What is needed: Transcribe the data exactly, pictures excluded.

Information provided:
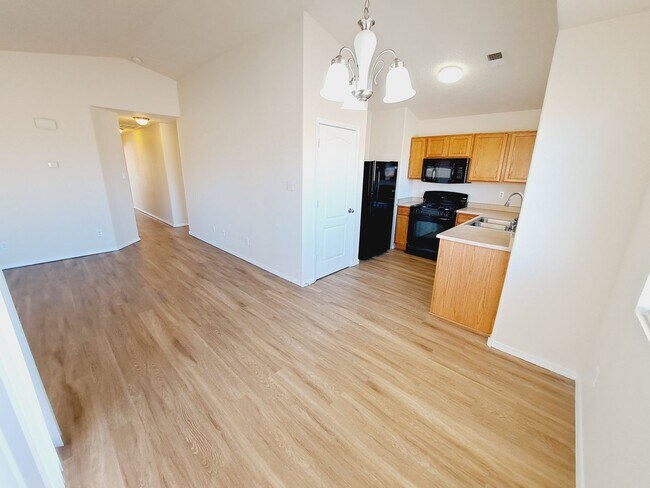 Building Photo - 3 bed 2 bath home in Huning Ranch. Great Yard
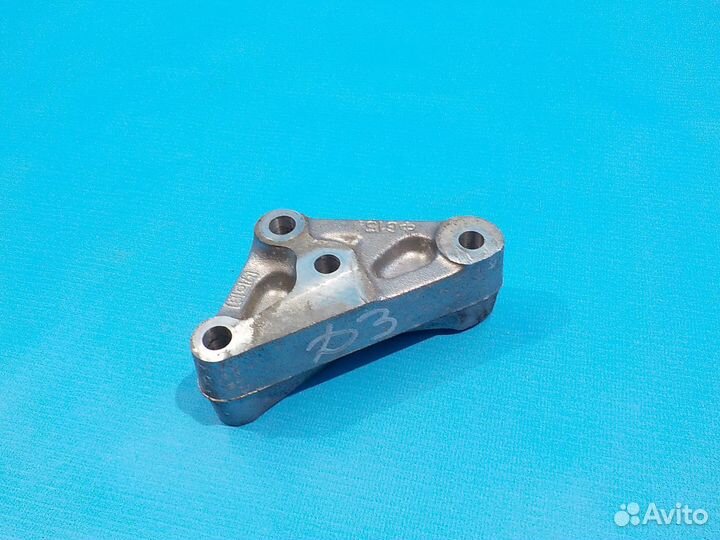 Кронштейн генератора lexus RX 2 (300/330/350/400h)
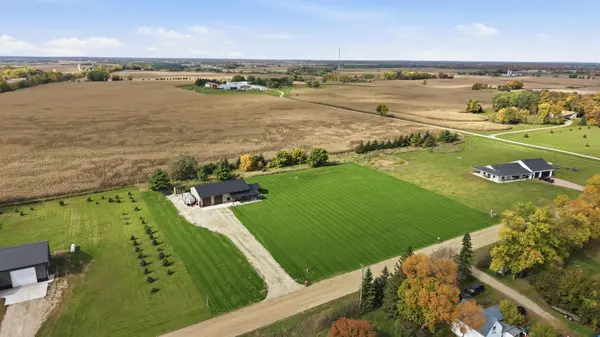 1290 Calvary RD SE, Osakis, MN 56360
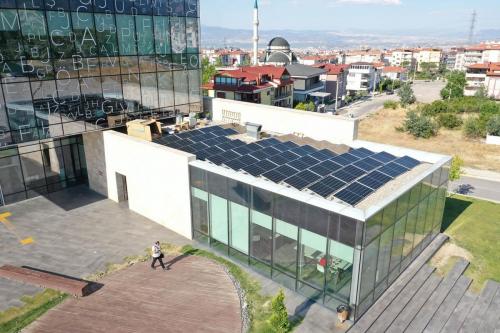 denizli-merkezefendi-kutuphanesi-gunes-paneli-montaji-drone-cekimi-5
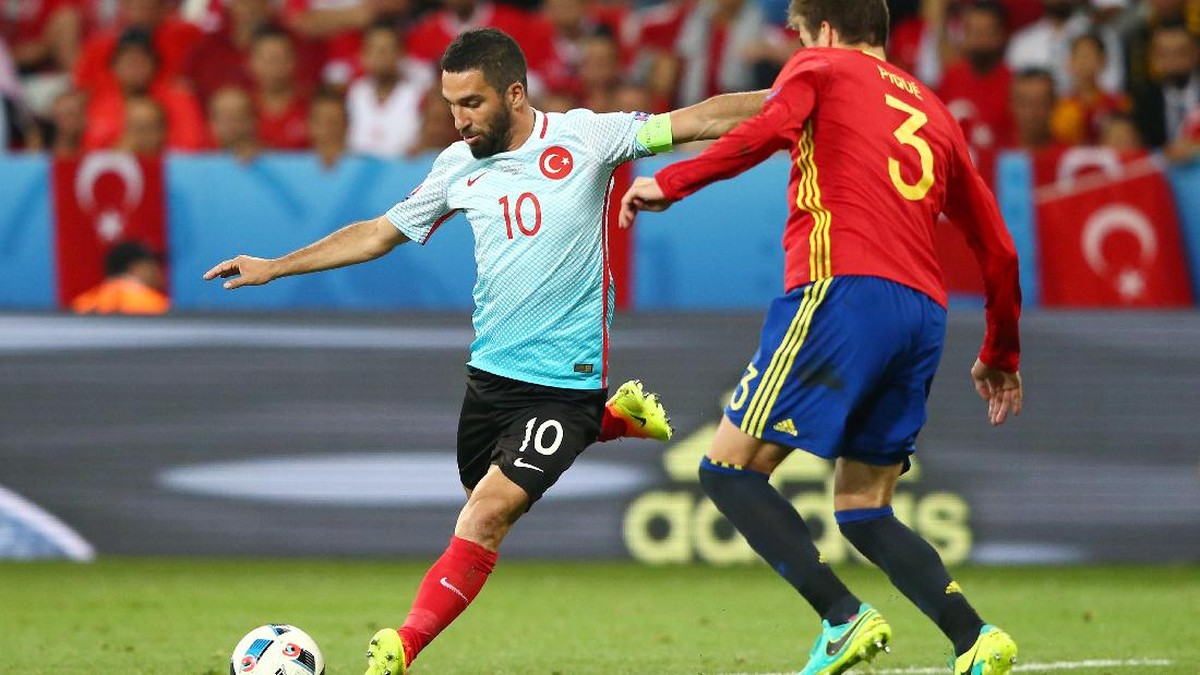 Foto: Arda Turan saat membela Timnas Turki pada laga melawan Spanyol di Piala Eropa 2016 (Getty Images/Alex Livesey)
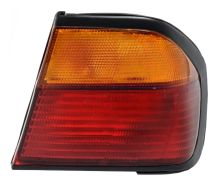 FEU ARRIÈRE NISSAN PRIMERA 1990-1996 4 PORTES / ORANGE / DROIT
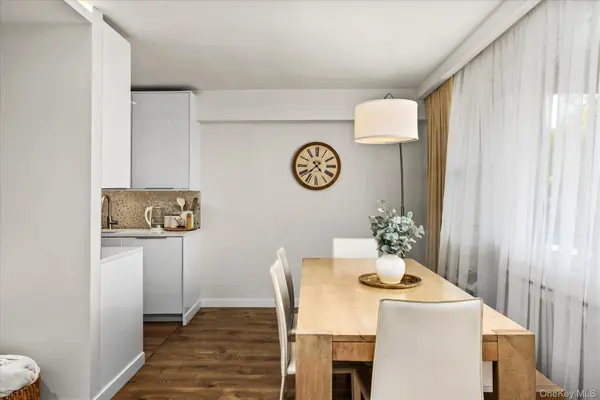 151-31 88th ST #3C, Howard Beach, NY 11414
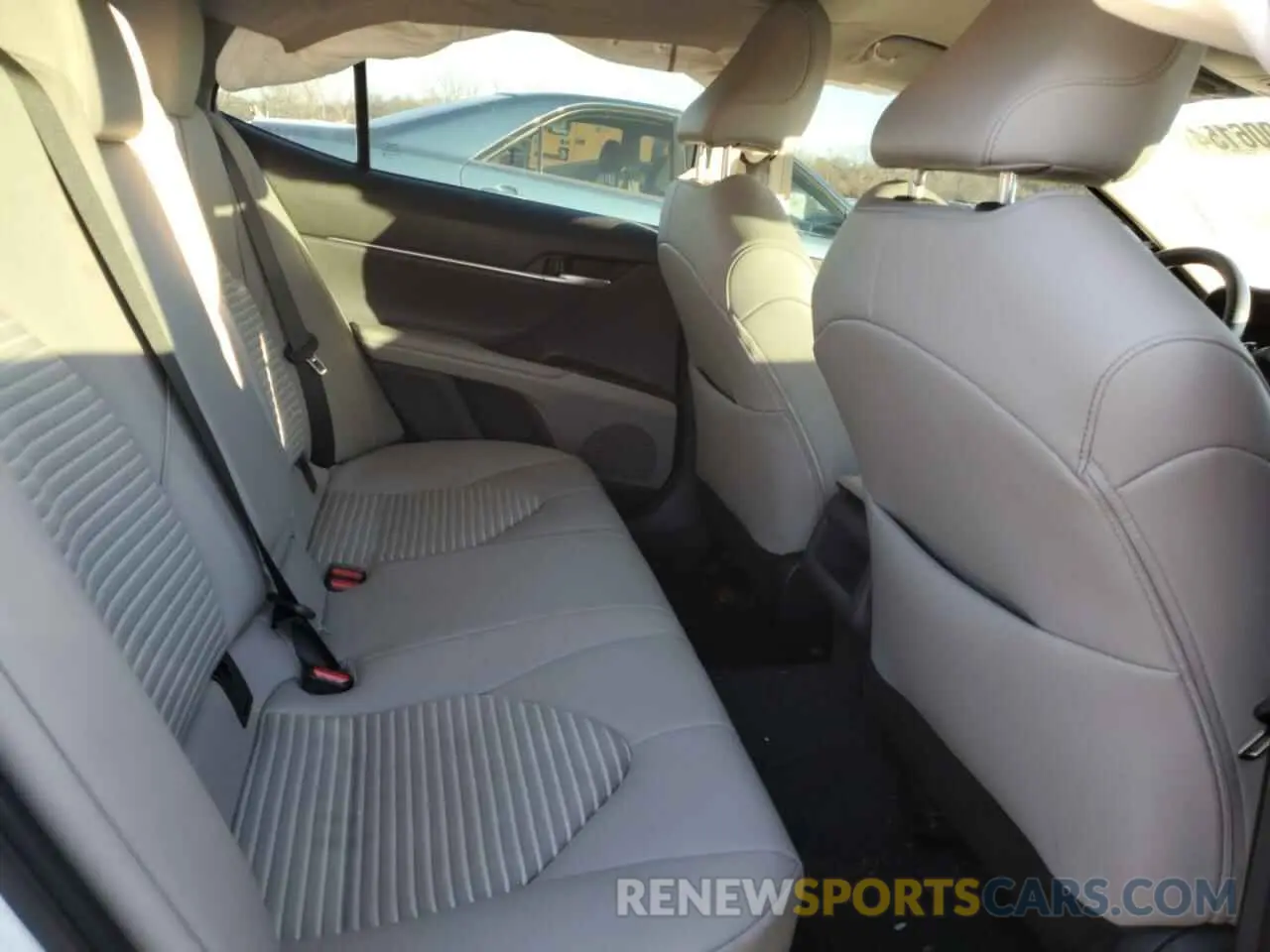 10 Фотография поврежденного автомобиля 4T1G11BK0RU109964 TOYOTA CAMRY 2024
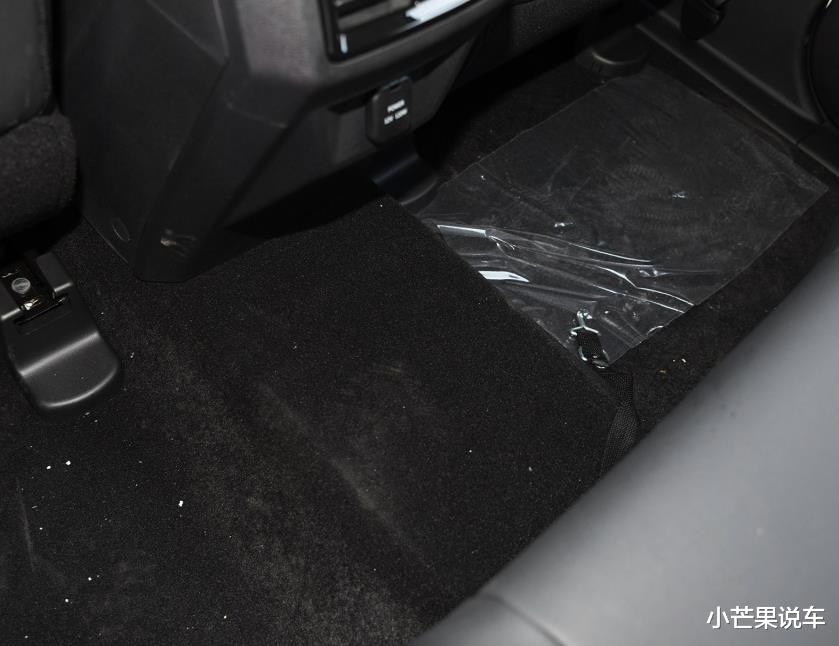 英朗|江铃旗下的大皮卡,长5米3有余,柴油引擎配四驱,比长城炮有面子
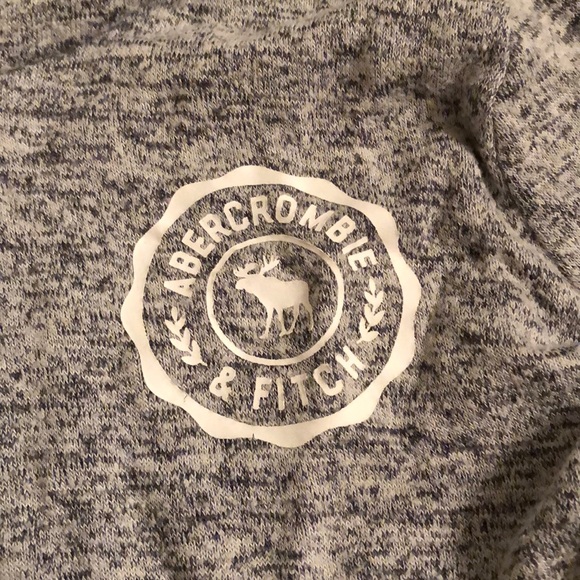 Very cute grey Abercrombie & Fitch sweater - Picture 2 of 4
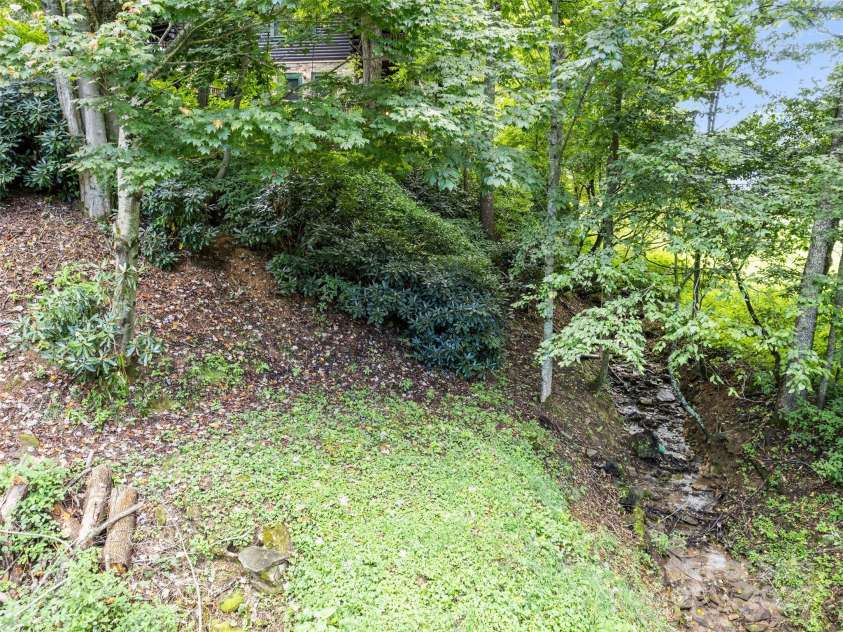 752 Frank Mehaffey Road, Maggie Valley, NC 28751.  MLS# CAR4293476, YatesRealty ID 32900. 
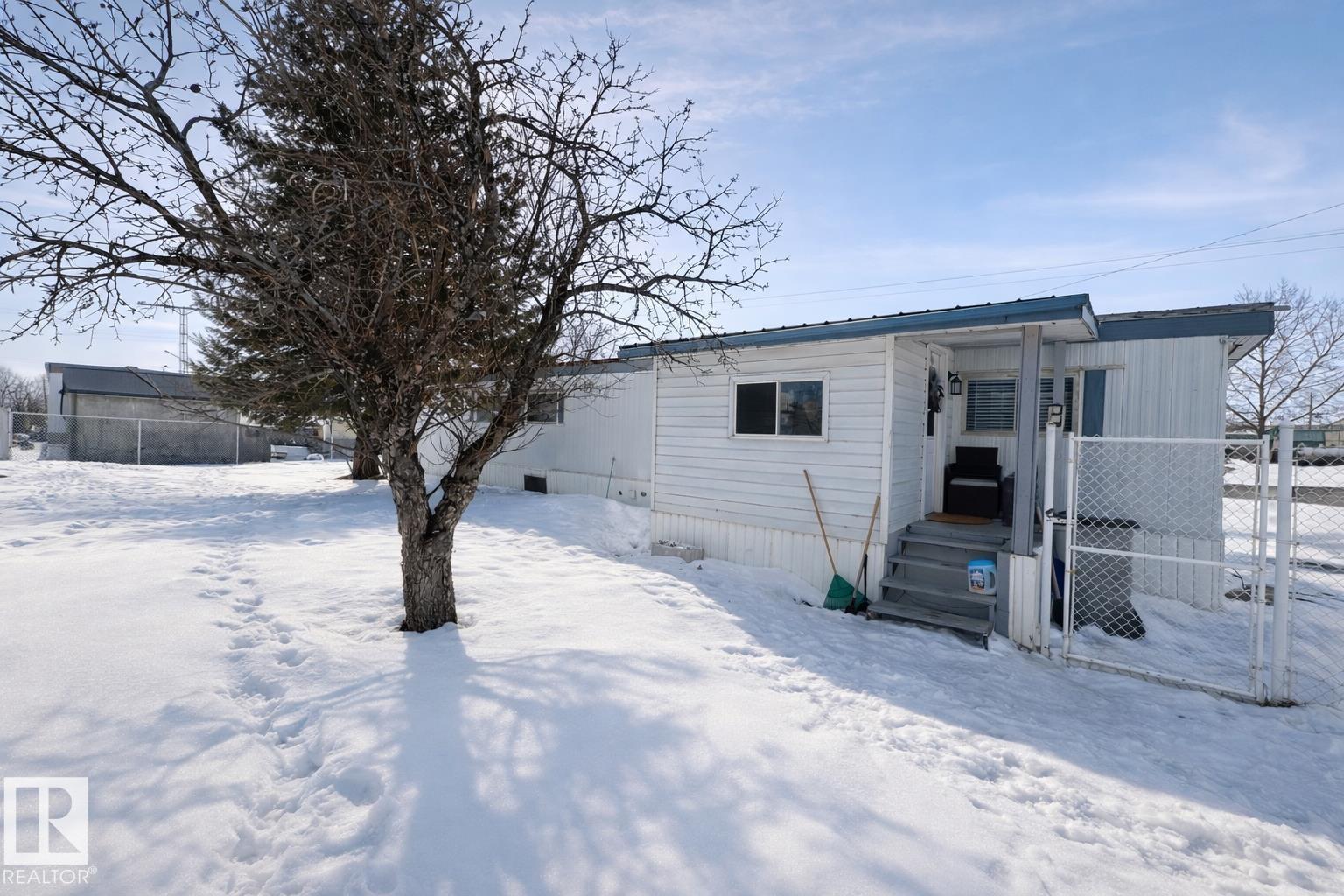 #44 9501 104 Ave - 1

Exercise response:
 Building Photo - 3 bed 2 bath home in Huning Ranch. Great Yard
 Кронштейн генератора lexus RX 2 (300/330/350/400h)
 1290 Calvary RD SE, Osakis, MN 56360
 denizli-merkezefendi-kutuphanesi-gunes-paneli-montaji-drone-cekimi-5
 Foto: Arda Turan saat membela Timnas Turki pada laga melawan Spanyol di Piala Eropa 2016 (Getty Images/Alex Livesey)
 FEU ARRIÈRE NISSAN PRIMERA 1990-1996 4 PORTES / ORANGE / DROIT
 151-31 88th ST #3C, Howard Beach, NY 11414
 10 Фотография поврежденного автомобиля 4T1G11BK0RU109964 TOYOTA CAMRY 2024
 英朗|江铃旗下的大皮卡,长5米3有余,柴油引擎配四驱,比长城炮有面子
 Very cute grey Abercrombie & Fitch sweater - Picture 2 of 4
 752 Frank Mehaffey Road, Maggie Valley, NC 28751.  MLS# CAR4293476, YatesRealty ID 32900. 
 #44 9501 104 Ave - 1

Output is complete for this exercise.